Трилогия Мёрдстоуна - Пит Мэл
Шрифт:
Интервал:
Закладка:
Ванда прикидывала, не заняться ли с ним сексом; он, собственно, не так уж стар и почти наверняка изобретательнее местных вариантов. Уходя в три часа, он почти всегда был изрядно под мухой — но еще не в стельку. Можно обогнать его на велосипеде, провокационно спешиться и обсудить свою неудовлетворенность. Она представила, как его мягкая, аккуратно подстриженная бородка скользит вниз по ее живому и сплетается с ее собственной, куда более пышной, растительностью.

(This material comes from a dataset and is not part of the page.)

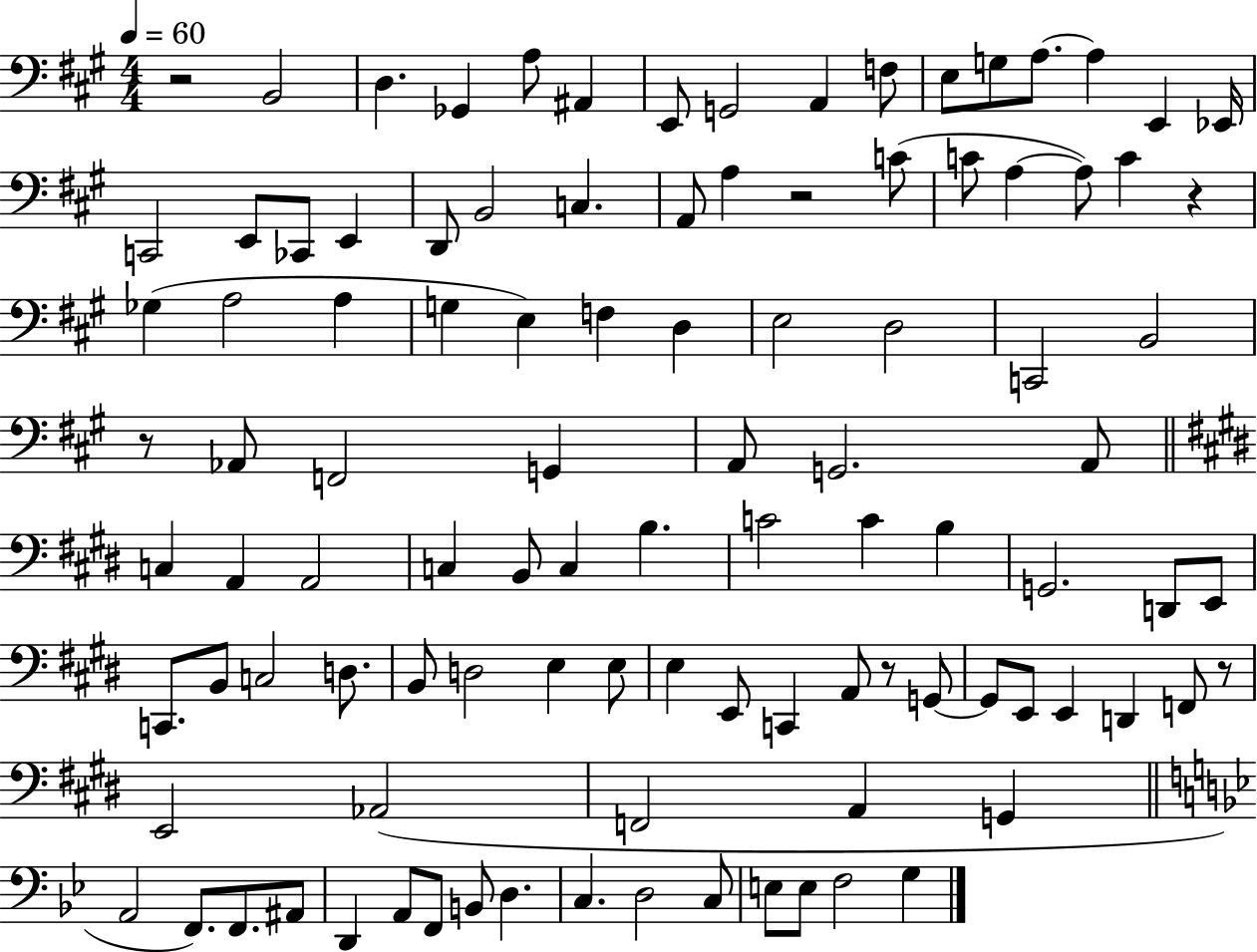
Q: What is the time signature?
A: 4/4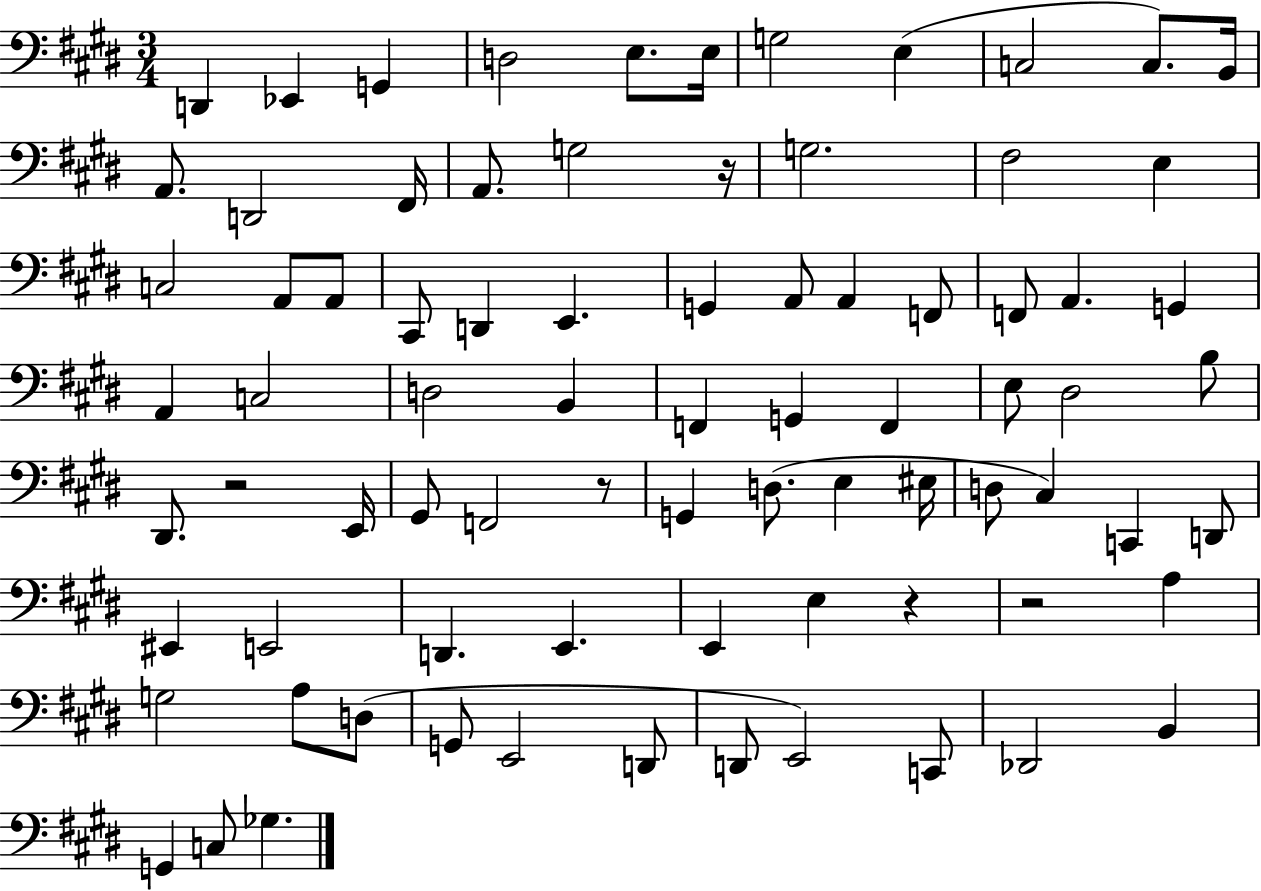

— Добрый день, мистер Коклин.
— Добрый день.
Филип обратился бы к ней по имени, если бы мог припомнить. Его так и подмывало назвать ее Фрэнсин или Мерили; эти густошерстые хорватские женщины подчас навевали непрошеную ностальгию по Флемуорти.
Не дожидаясь заказа, Ванда принесла и откупорила бутылку знаменитого местного красного. Филип, как всегда, проглядел меню и печально хмыкнул.
— У нас есть две хороших рыбы, ночью привозить, но Мирко их портить. Я советовать кебаб из ягненка и почек. Да, вы его брать два дня назад, но это другой ягненок, и не коза. Салат я готовить сама.
— Отлично, — сказал Филип, наливая вина. — Спасибо.
От первого глотка его передернуло. Следующие пойдут легче. Потом будет так называемый коньяк, вот он Филипу нравился. Еще Филипу нравилось, что к нему обращаются (ну, приблизительно) «мистер Маккафлин».
В «Дичи» пока не было других посетителей, и это его тоже радовало. В этот час солнца в зените вид с террасы носил отпечаток дивной бестелесности, каковой Филип предпочитал наслаждаться без помех. Река, вообще-то медлительная и мутная, искрилась, а отвесный обрыв на другом берегу казался невесомым, как папиросная бумага. Синие и белые лодки, пришвартованные у причала, теряли очертания, размываясь в солнечном блеске, кроме лишь тех, на палубы которых падала густая тень ресторанного навеса. Все это носило легкий налет хмельной нереальности картин импрессионистов, волшебной нигдешности снов.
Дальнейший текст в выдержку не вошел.